Wednesday, August 13, 2014

Jennifer Wall reviews Carlo Bernardini


Carlo Bernardini

Carlo Bernardini, an Italian born artist who lives and works in Milan and Rome, uses stainless steel and optic fibers as his primary elements to create his abstract installations.  He bases his designs on rhomboidal and triangular forms to form "architectural minded sections of light."  The viewer of his pieces can enter and illusory space and experience the installation from within and without.  Bernardini says that he "draws a mental space as if it were a drawing done with white pastel on a dark sheet."
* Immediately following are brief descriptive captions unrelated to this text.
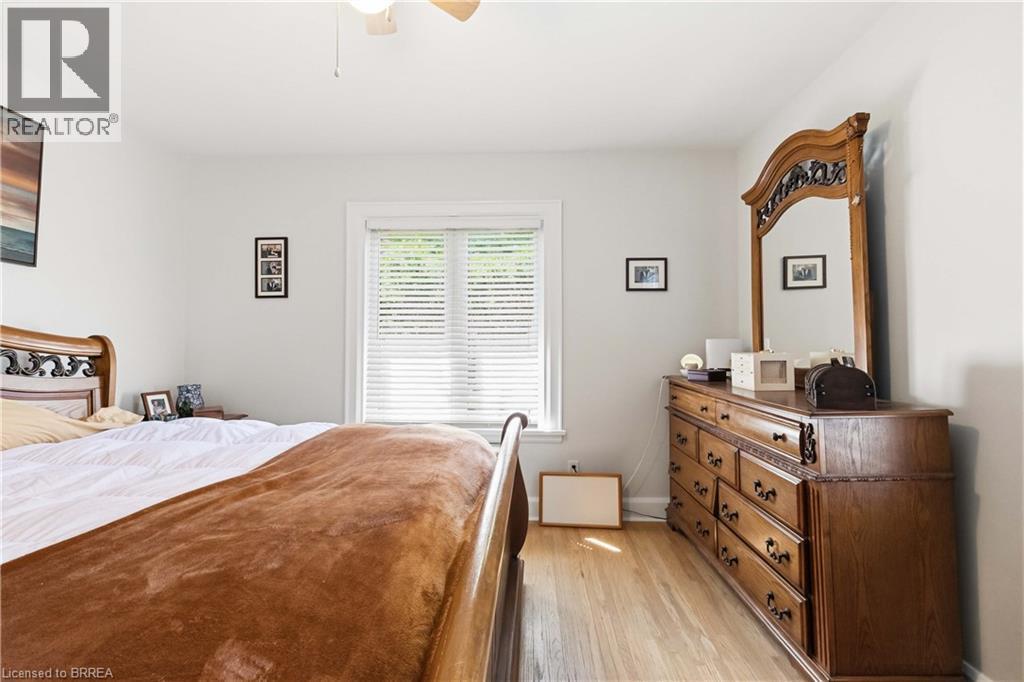 Hardwood flooring throughout featuring light-colored walls and a window with blinds - 134 Queensway Drive, Brantford, ON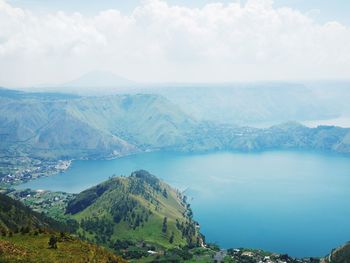 Scenic view of landscape and mountains against sky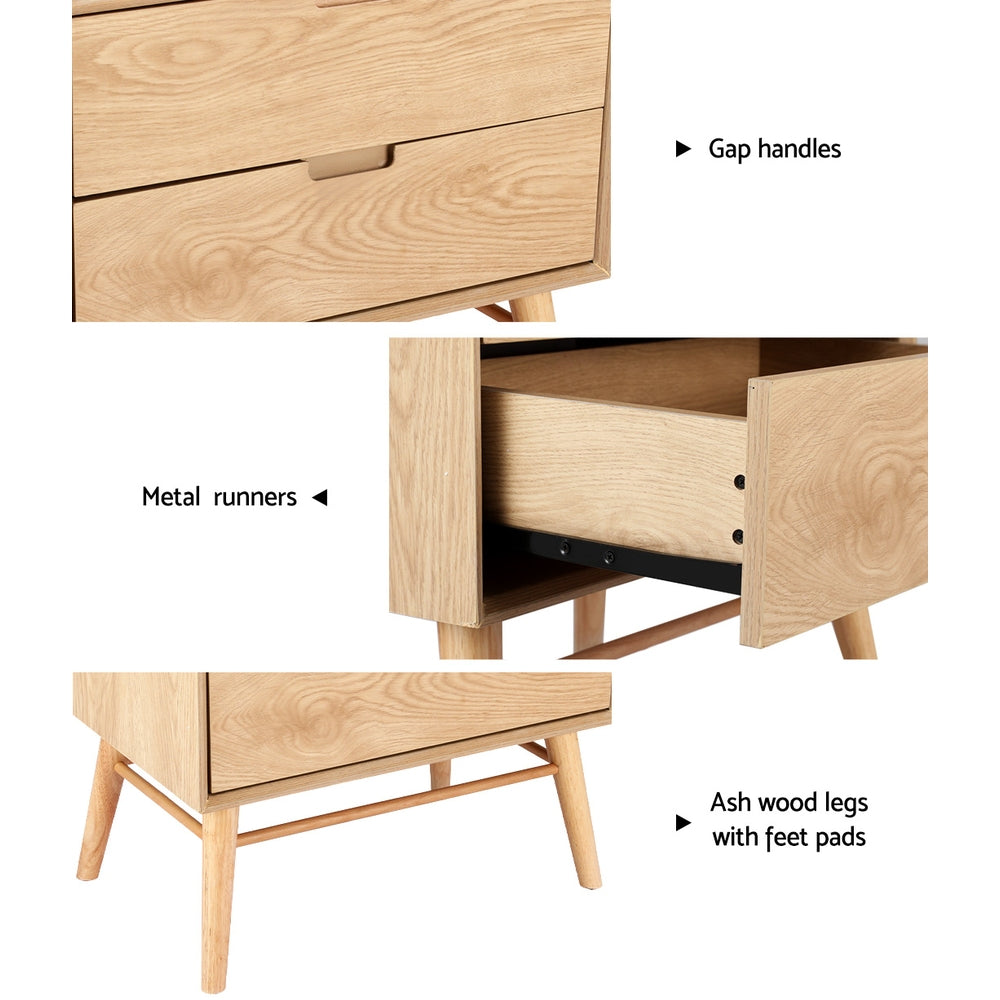 Federal pine two drawer bedside table with splayed ash wood legs in a rustic bedroom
In an interview with Silvia Scaravaggi for Digicult, a digital art and design website, Bernardini had an interesting take on "new media" and technology:

In my opinion, we should work with technology supporting discoveries. It is not as in painting or in sculpture where the artist’s talent is evident by his technical skills. Technology is seen as an idea, so if you use the same idea as that of another artist you run the risk of being recognized as an imitator. But if you use a different medium, which is not clichéd by the art languages, then you are acclaimed. Or at least, they will know you for your own style, that nobody can infringe. You don’t descend from another artist before you.

As time marches on, it becomes more difficult for artists to come up with something that no one has done before.  Incorporating new technology into their work can give them new and innovative ways of expressing themselves.